*THE PROBLEM*
Where a record contains an image, leave the image out and print the rest exactly.

*RECORDS SHOWN*
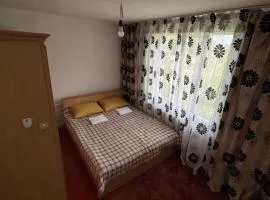Village stay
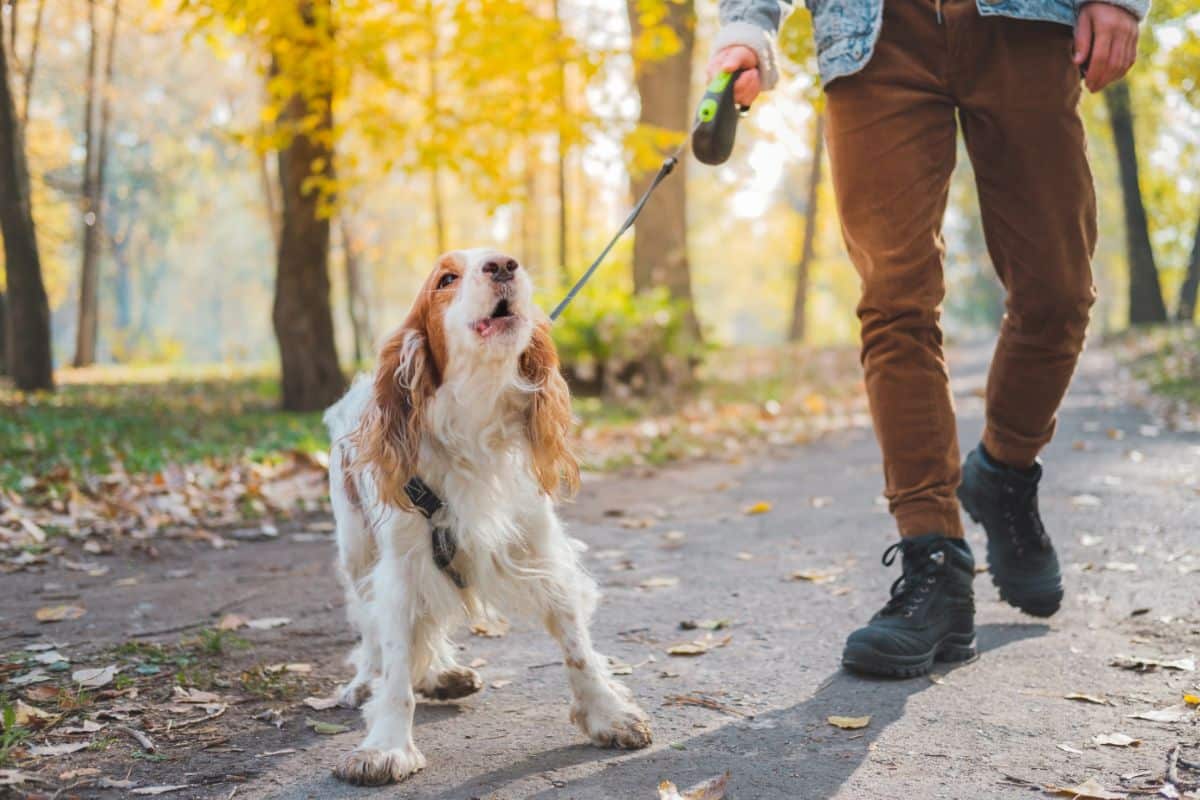 How A Double-Ended Leash Can Stop Your Dog From Pulling cover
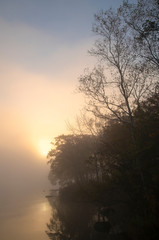 Fototapeta na wymiar tree in morning fog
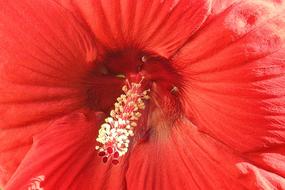 Hibiscus Flower Giant Red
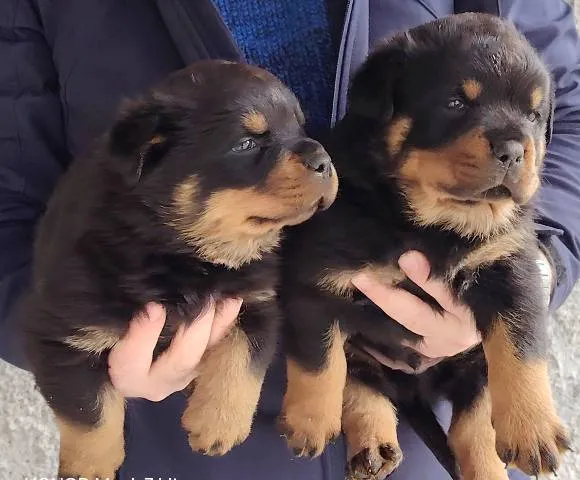 Rotvajler na prodaju, Beograd (2)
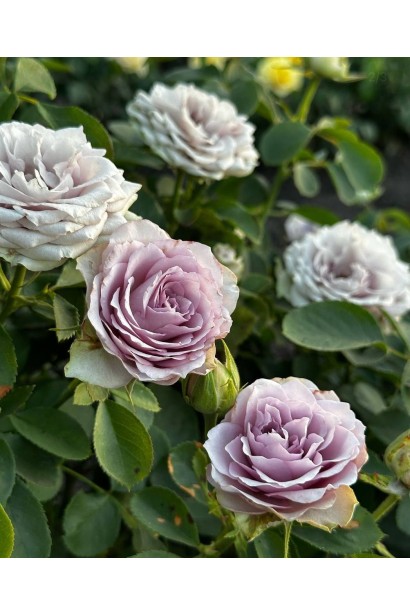 Троянда чайно-гібридна Луллабі 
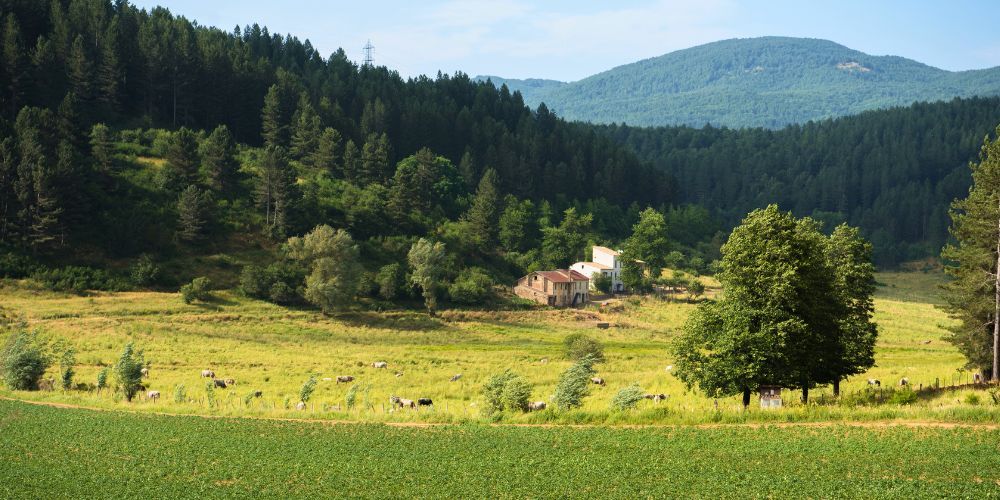 Boschi in Italia: Parco Nazionale della Sila
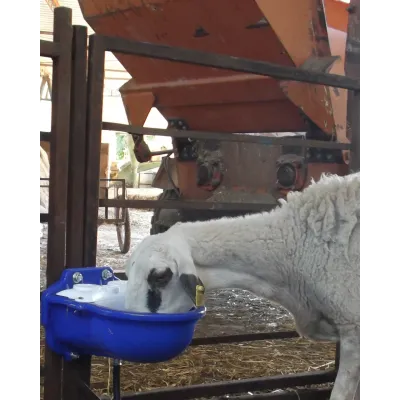 A non-tipping and easy-to-clean watering trough for small livestock, providing them with constant access to clean water.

*RESPONSE TO THIS EXERCISE*
Village stay
 How A Double-Ended Leash Can Stop Your Dog From Pulling cover
 Fototapeta na wymiar tree in morning fog
 Hibiscus Flower Giant Red
 Rotvajler na prodaju, Beograd (2)
 Троянда чайно-гібридна Луллабі 
 Boschi in Italia: Parco Nazionale della Sila
 A non-tipping and easy-to-clean watering trough for small livestock, providing them with constant access to clean water.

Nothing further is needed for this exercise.